The legislature’s Marine Resources Committee voted unanimously Feb. 24 to advance legislation at improving the efficiency of Maine’s lobster licensing system, speeding up the rate of turnover, shortening wait lists and encouraging young people to continue Maine’s lobstering tradition.
“This has been a contentious problem for a long time, and lobsters are so central to Maine’s economy,” said Rep. Walter Kumiega, D-Deer Isle, co-chair of the Marine Resources Committee and the bill’s sponsor. “This bill starts breaking the logjam and building a better, faster licensing system while preserving the livelihoods of active lobstermen and preventing overfishing.”
Under the current system, an individual hoping to enter the fishery can sit ten years or more on a wait list before a license becomes available. Young people who train to become lobstermen are unable to join the profession once they complete their apprenticeships.
A report commissioned by the Department of Marine Resources and completed by the Gulf of Maine Research Institute has shown that an entire generation is missing from the lobster fishery in some areas.
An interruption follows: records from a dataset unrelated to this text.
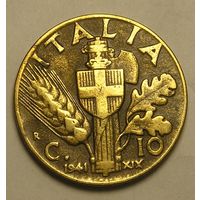 Италия 10 Чент. 1941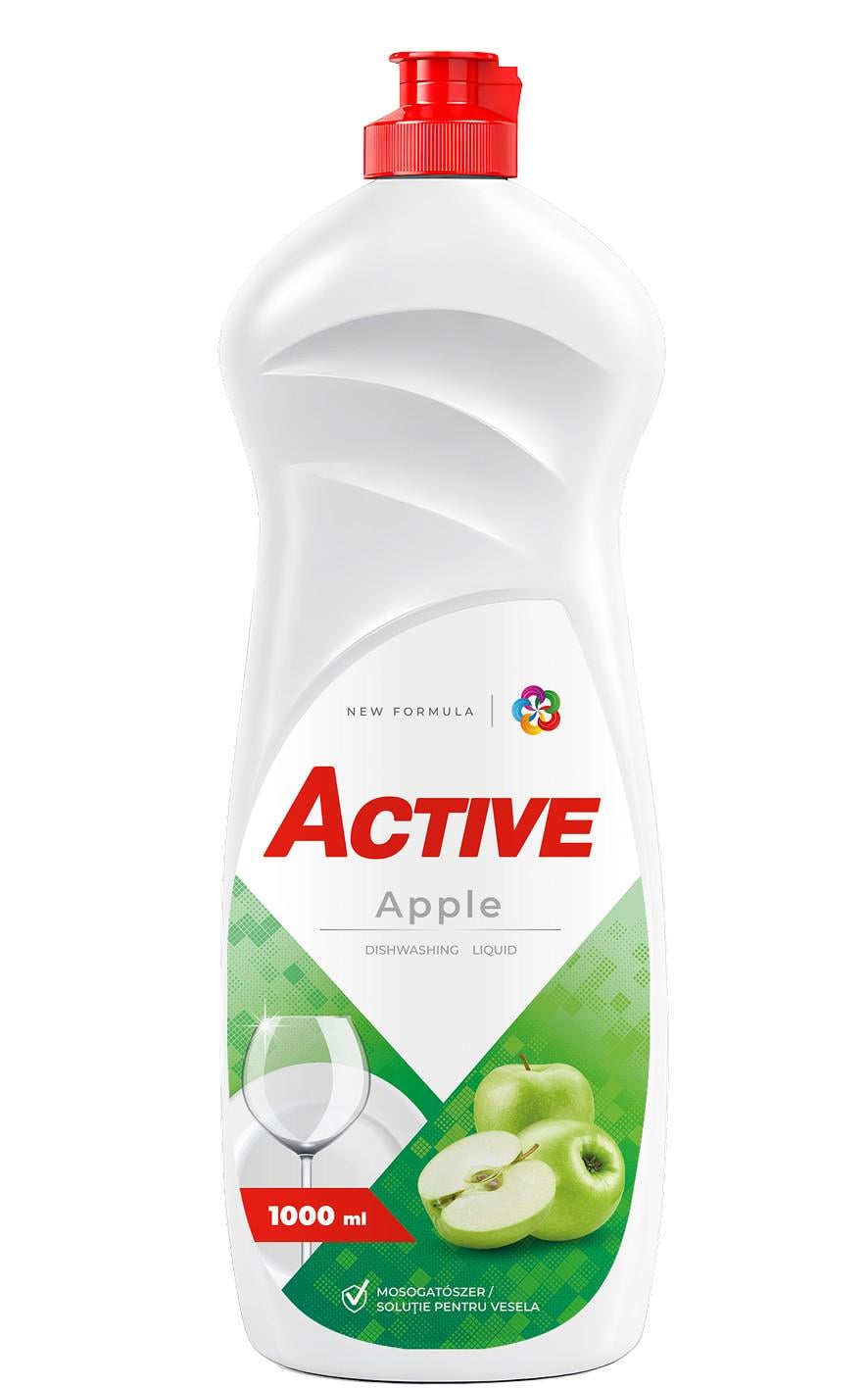 Гель для мытья посуды Active Зеленое яблоко 1 л (hx-47154)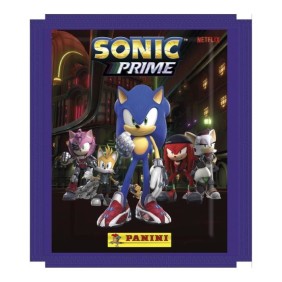 Cette boîte de 36 pochettes - PANINI - SONIC PRIME (NETFLIX) - Contient 180 stickers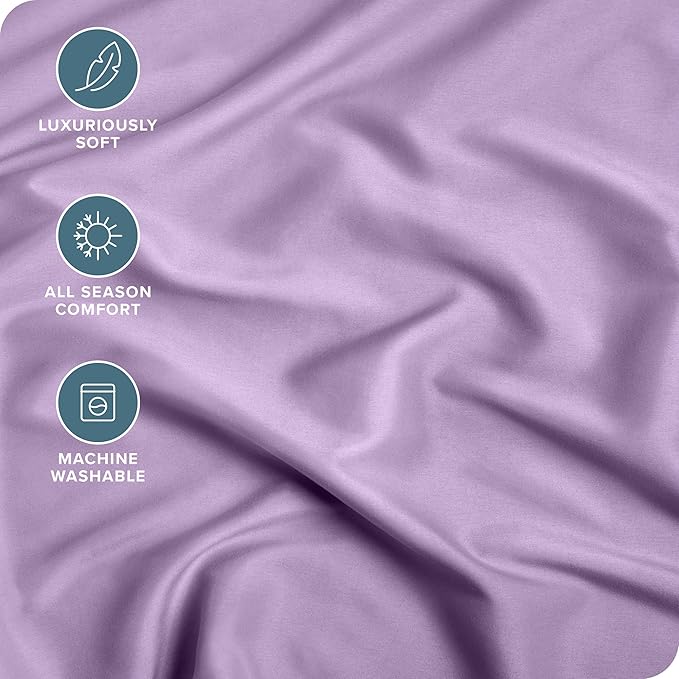 Bare Home Fitted Bottom Sheet Queen Size - Image 2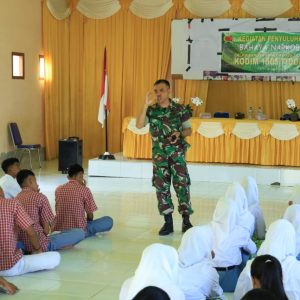 Satgas TMMD ke-126 Kodim 1505/Tidore Berikan Penyuluhan Bahaya Narkoba kepada Pelajar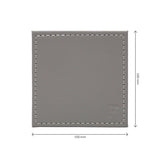 Vier runde FREEFORM Untersetzer DUO 4er-Set aus Silikon in modernem Design, ideal zum Schutz von Oberflächen.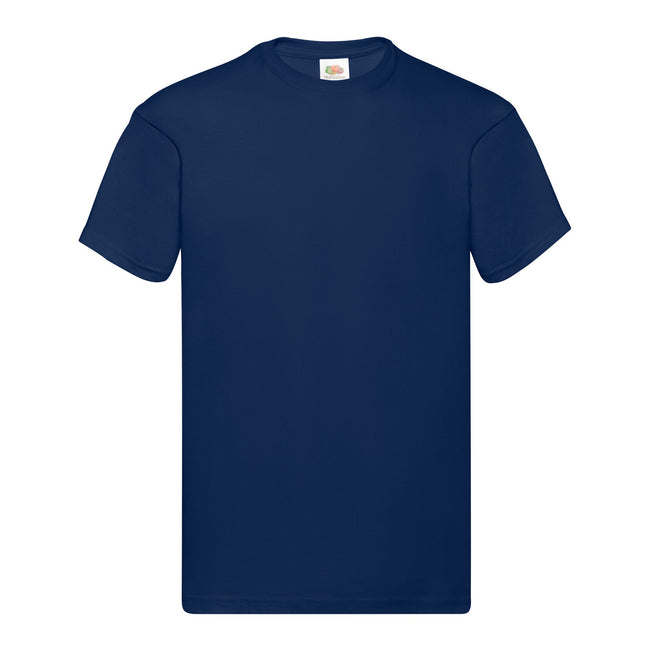 Navy - Front - Fruit of the Loom Mens Original Heather T-Shirt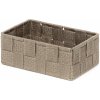 Úložný box Compactor TEX košík M Úložný organizér do zásuvky 18 x 12 x 7 cm Taupe (šedo-béžový)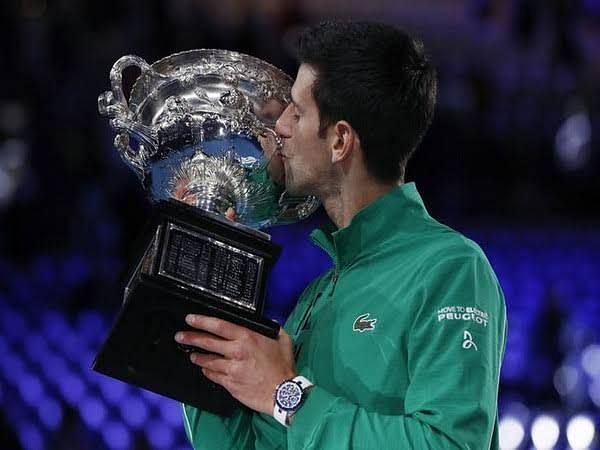 Novak Djokovic at the 2020 Australian Open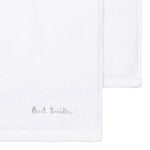 Signature Stripe Bath Towel | White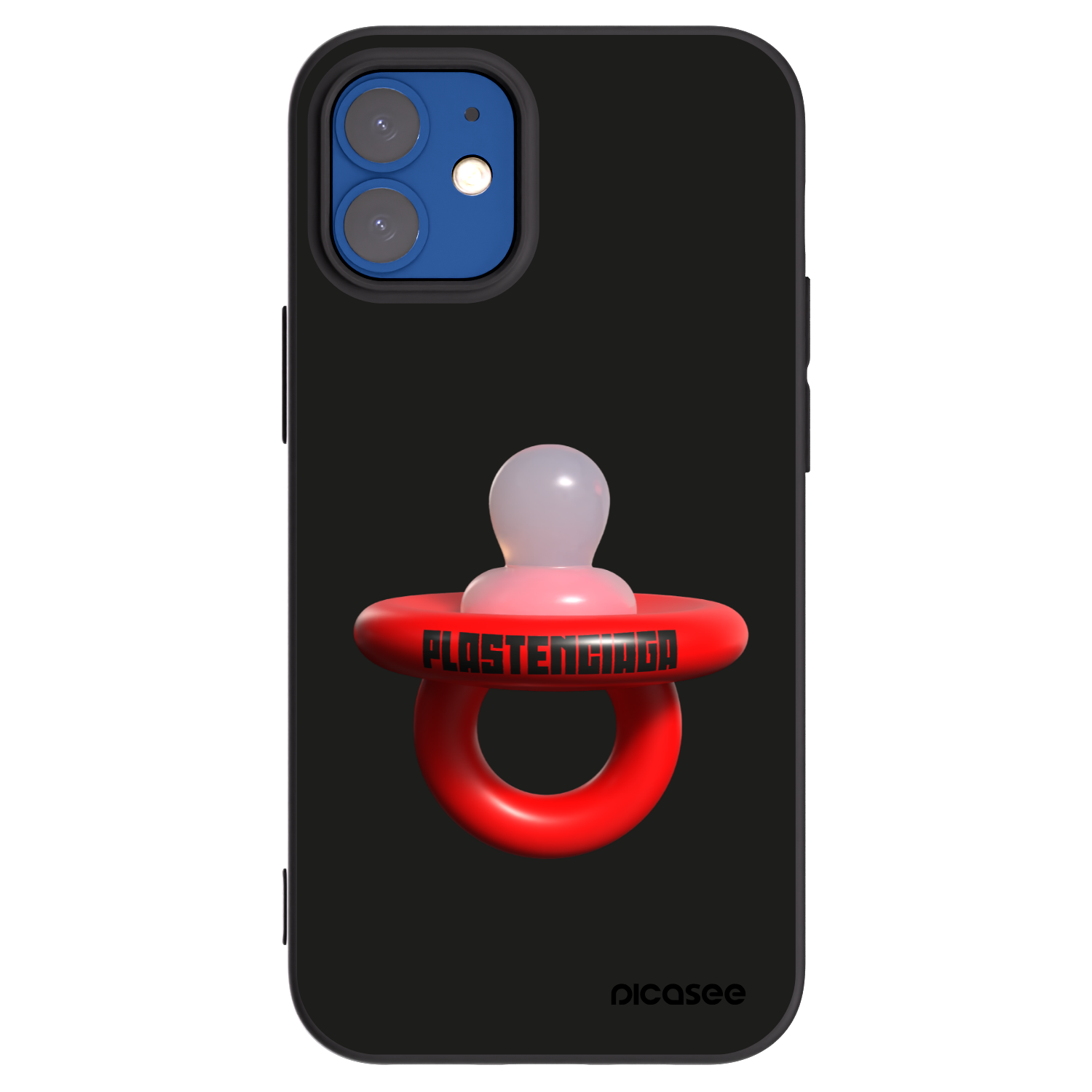 Picasee Apple iPhone 12 mini Hülle - Schwarzes Silikon - Le Dudel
The committee amended Kumiega’s bill, LD 1503, to enable DMR to audit the lobster license wait lists this year and every three years after that, making turnover a more efficient process. Roughly 300 people are currently on the wait list.
The measure also would extend the deadline for young people to complete their apprenticeship and get a commercial license from age 18 to age 20. Students who prove they are attending school can complete their apprenticeship before age 23, enabling more people to get further education without having to give up the chance to lobster for a living.
Finally, the bill would create a separate wait list for those who want to transfer between fishing zones.
“This is an important step towards solving the problem of entry into the industry,” said Rep. Lydia Blume, D-York, a member of the committee and a co-sponsor of the bill. “The local zone councils have been given more tools to solve this problem, and it is now up to them to do what is right for the industry and the community.”
Currently lobster landings and value are at historical highs, with roughly 123 million pounds of lobster valued at $457 million landed in 2014.
The bill now faces votes in both the House and Senate.
Kumiega is serving his third term in the Maine House and represents the Cranberry Isles, Deer Isle, Frenchboro, Isle au Haut, North Haven, Southwest Harbor, Stonington, Swan’s Island, Tremont, Vinalhaven and Marshall Island Township.
Blume is serving her first term in the House and represents the coastal part of York.